Publishers Weekly talks with Laura Joh Rowland, author of the forthcoming (next March 2008) book The Secret Adventures of Charlotte Brontë:
Why did you decide to write your next novel about Charlotte Brontë?
The Secret Adventures of Charlotte Brontë
[due in March 2008] is a historical suspense novel that gives the real-life author the adventure that she always craved but never really had, even though she did lead an interesting life. This is my tribute to her and my love of Victorian literature. It may be the start of a new series; I’m waiting to see how well this one does. I have two more Sano books to finish before I can do anything else, and the Brontë book was extremely long in the making. I love the character and the period, and have a lot of ideas about where I’d like to go with this. (Interview by Leonard Picker)
CNN.com devotes its Mental Floss section to "Real life plot twists of famous authors". An improbable starry-eyed Charlotte Brontë makes an appearance:

Charlotte Brontë may have been the author of the romantic classic Jane Eyre, but she was not well served by love herself. In fact, it more or less killed her.
In June of 1854, a starry-eyed Bronte married her father's curate and soon became pregnant. During her pregnancy, she fell ill, and according to her earliest biographer, Elizabeth Gaskell, she was attacked by "sensations of perpetual nausea and ever-recurring faintness."

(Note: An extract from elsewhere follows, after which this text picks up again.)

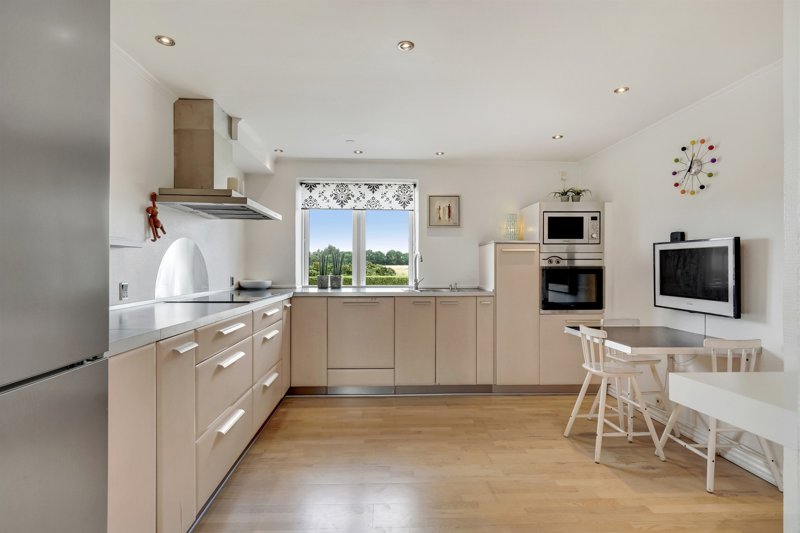 Property image number 9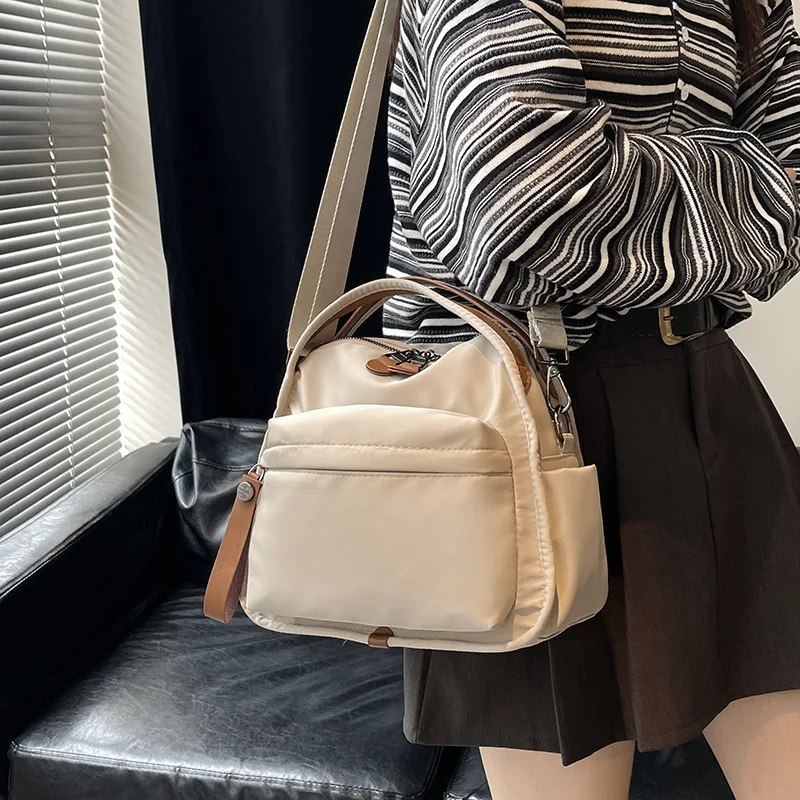 

Fashion Women's Shoulder Bag Simple Multiple Pockets Crossbody Bag Decorated With Tassels Handbags Daily Commuting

The elder Bronte sister's nausea was so overwhelming, in fact, that the author couldn't eat or even smell food without becoming violently ill. On March 31, 1855, a dehydrated, malnourished and severely exhausted Charlotte Bronte died at the age of 38. (Diane Mapes)

Starry-eyed? Is the journalist suffering from an overdose of Flanders talk?

Education Week publishes an article about punctuation and grammatical errors in the last installment of the Harry Potter series and Charlotte Brontë gets a mention:
Writing is communication, and as readers we look for certain indicators to help us construct meaning. If we read, “John took Jane Eyre to bed,” we may infer from the italics that the name refers to the title of a work rather than someone he met at a nightclub—even if we have never heard of Charlotte Brontë. (Alan Warhaftig)
Not a particularly good choice for an article complaining of bad punctuation. The punctuation of the Brontës in general was, at best, erratic. Charlotte, in fact, was quite happy that Smith, Elder & Co. corrected her manuscripts:
I have to thank you for punctuating the sheets before sending them to me as I found the task very puzzling - and besides I consider your mode of punctuation a great deal more correct and rational than my own. (CB to Messrs Smith, Elder & Co., 24 September 1847)
Some days ago we already posted about the presumptive Brontë influences of the latest PJ Harvey's work: White Chalk. The Manchester Evening News follows this trend but goes further and mentions even Wuthering Heights. The question is: the reviewer quotes Wuthering Heights because he thinks that PJ Harvey's music is really influenced by Emily Brontë's novel or just because it's the only thing that remotely sounds like Gothic and Brontë?
In shifting direction with vocal, Harvey has replaced the rock-and-roll harlot personae once heard circa Stories From The City and Uh Hur Her with an angelic and at times haunting Chanteuse - a storytelling vocal that creates the album’s ethereal charm: part Victorian séance and part Bronte’s Wuthering Heights. (Steve Baker)
Wuthering Heights also appears in a review of the film Blind (2007) published by Variety:
True love really is blind in Tamar van den Dop's Victorian era fairy tale about the relationship of a fierce sightless youth and his equally strong willed albino companion. Combining the unhinged romanticism of "Wuthering Heights" with leitmotifs from Hans Christian Andersen's "The Snow Queen," overwrought "Blind" frequently over-reaches, but nevertheless reps a confidant calling card for the debuting Dutch feature helmer. (Alissa Simon)
A pity that Wuthering Heights is settled mainly in the 18th Century, nothing to do with Victorian times. But who cares?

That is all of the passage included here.